QUEENS, N.Y. -- A dog was allegedly used as a drug mule to traffic more than $1 million worth of heroin to New York, the Queens District Attorney said Monday.
The avi Labrador mix had been shipped along the same route as many rescue dogs have been for years.
That has at least one major dog rescue organization, which is not at all involved in the drug crimes, concerned that this major bust will affect its legitimate, humane effort to save dogs' lives.
The dog had been shipped from Puerto Rico to John F. Kennedy International Airport, where authorities discovered the stash hidden in the false bottom of the animal's crate.

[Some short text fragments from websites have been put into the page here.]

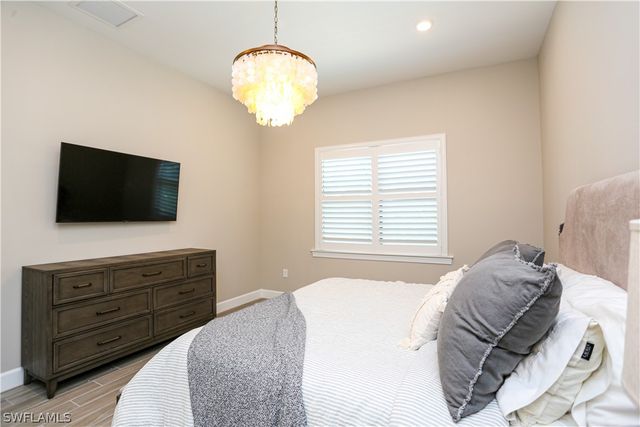 9716 Everglades DR, Naples, FL 34120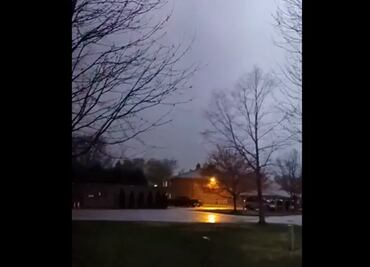 Tornado en Indiana deja daños en Carmel; así sonaron las sirenas de alerta. VIDEO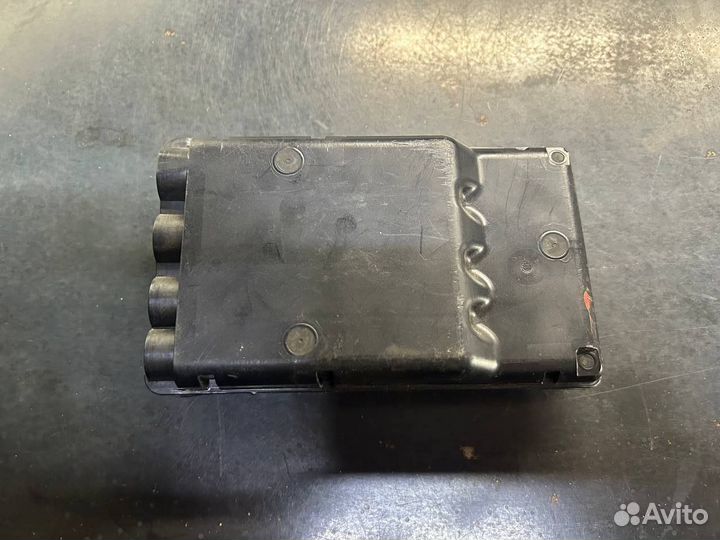 Распределитель тока Mini F 61149321023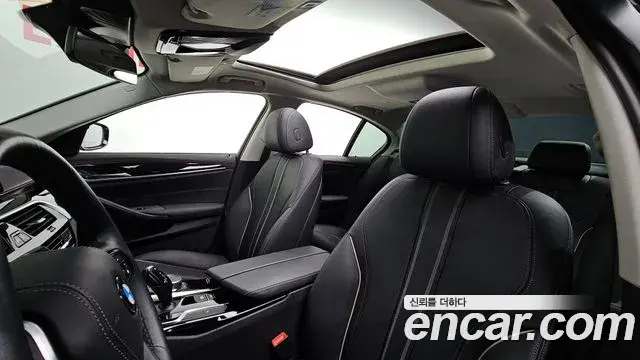 BMW 5 Series 2020 — ფოტო 2/20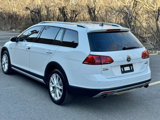 Used 2017 Volkswagen Golf Alltrack SE image 5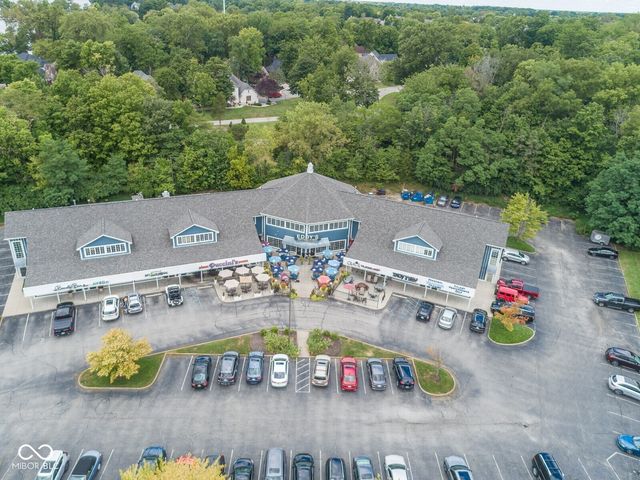 8635 Sturgen Bay Lane, Indianapolis, IN 46236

Samuel Seabrooks, 35, of the Bronx, and Carlos Betancourt-Morales, 27, of Carmel, N.Y., were arraigned Sunday for their alleged roles in the scheme.
They were charged with first-degree criminal possession of a controlled substance and second-degree conspiracy. A judge set their bond at $500,000 each, or $250,000 cash bail each.
Prosecutors said the suspects met at an IHOP in the Bronx on Friday, then left in separate cars to JFK.
They had a brief conversation at the airport’s American Airlines priority parcel services area, then Betancourt-Morales walked into the cargo building and signed for a crate holding the dog.
He was pushing the crate on a rolling cart toward the exit when he was stopped by police.
The next day, officers executed a search warrant on the crate and found 10 bricks -- 4 inches wide and 6 inches long -- packed with heroin and stamped with the Nike swoosh symbol and a five-pointed star, prosecutors said.
In all, the crate’s false bottom was carrying 10 kilograms of heroin, or about 22 pounds -- worth more than $1 million in street value.
Chrissy Beckles, founder of the Sato Project, a dog rescue organization, said she is "shocked and angry" that this happened.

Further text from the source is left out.